Industrial production in the 18-member euro area fell sharply by 1.1 per cent in May, the largest monthly drop since September 2012, according to figures released by the EU's statistics agency Eurostat this morning.
The data confirmed analyst fears that a significant shrink in industrial output had been coming, especially as the economic powerhouses of Germany, France and Italy had already reported some surprisingly large contractions in May. Economists had actually predicted a slightly bigger dip of 1.2 per cent. May's figures were up 0.5 per cent from the same month last year.
EU industrial production has been volatile in 2014 and analysts acknowledge that these figures can be erratic from month to month. April numbers had shown a 0.7 per cent increase, rebounding from a 0.4 dip in March.

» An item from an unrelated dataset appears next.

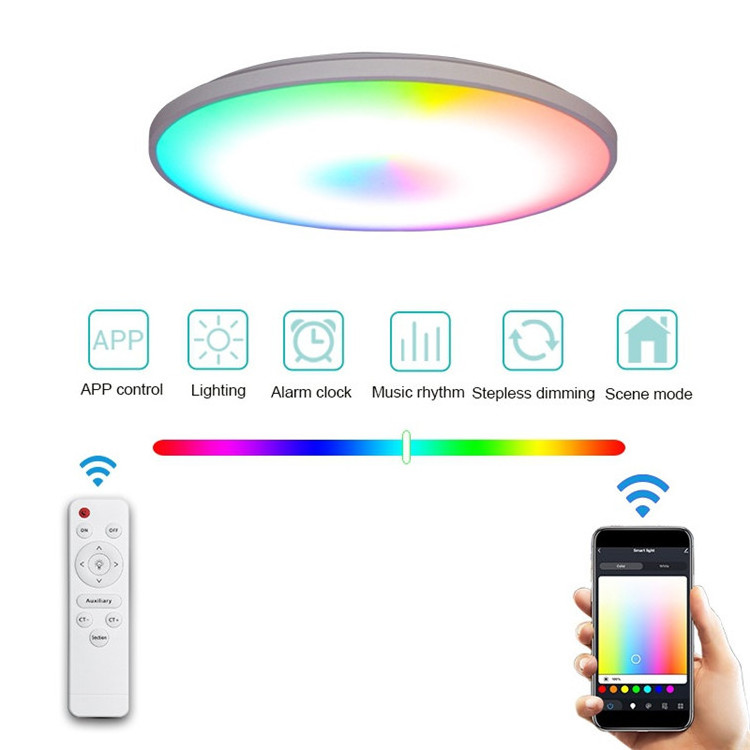 new design modern lights ceiling chandelier wifi APP control RGB smart led ceiling light for bedroom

However the marked fall in industrial output is stoking fears that the Eurozone recovery is stalling before it has even begun to really gain steam.
Data so far points to a split recovery, but the May falls were widespread. German output fell by 1.4 per cent month-on-month, French by 1.3 per cent Italy’s by 1.2 per cent and Spain’s contracted by 0.9 per cent. Portugal, engulfed in a banking crisis that rocked global markets last week, suffered the biggest drop in industrial output, down 3.6 per cent month-on-month.
The UK also recorded a shock slump in output for May, with a 0.7 per cent fall.
A decline in second quarter GDP?
The latest survey data shows a loss of momentum, although it does still point to expanding activity. This appears to be denting hopes that GDP growth for the common currency area is on course for a rapid improvement in the second quarter, as had been hoped, following a lacklustre 0.2 per cent expansion in the first three months of the year.
"There is now a grave danger that the sector contracted in the second quarter thereby limiting Eurozone GDP growth," said Howard Archer, chief UK economist at IHS Global Insight.
"It does appear that the Eurozone manufacturing sector is facing a tough task to generate and sustain meaningful expansion."
According to Archer, in the absence of any revisions to the current data, "it will need Eurozone industrial production to have increased by 0.8 per cent month-on-month in June just to have been flat quarter-on-quarter in the second quarter".